<<<<
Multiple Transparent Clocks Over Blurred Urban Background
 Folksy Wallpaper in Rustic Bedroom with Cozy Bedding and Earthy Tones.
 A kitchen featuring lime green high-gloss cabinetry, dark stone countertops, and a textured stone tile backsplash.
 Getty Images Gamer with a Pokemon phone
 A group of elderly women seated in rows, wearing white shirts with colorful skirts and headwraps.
>>>>
**Exercise aim:** The word to look for is "with"; copy out every line of the entries that holds it.

**Expected answer:**
 Folksy Wallpaper in Rustic Bedroom with Cozy Bedding and Earthy Tones.
 Getty Images Gamer with a Pokemon phone
 A group of elderly women seated in rows, wearing white shirts with colorful skirts and headwraps.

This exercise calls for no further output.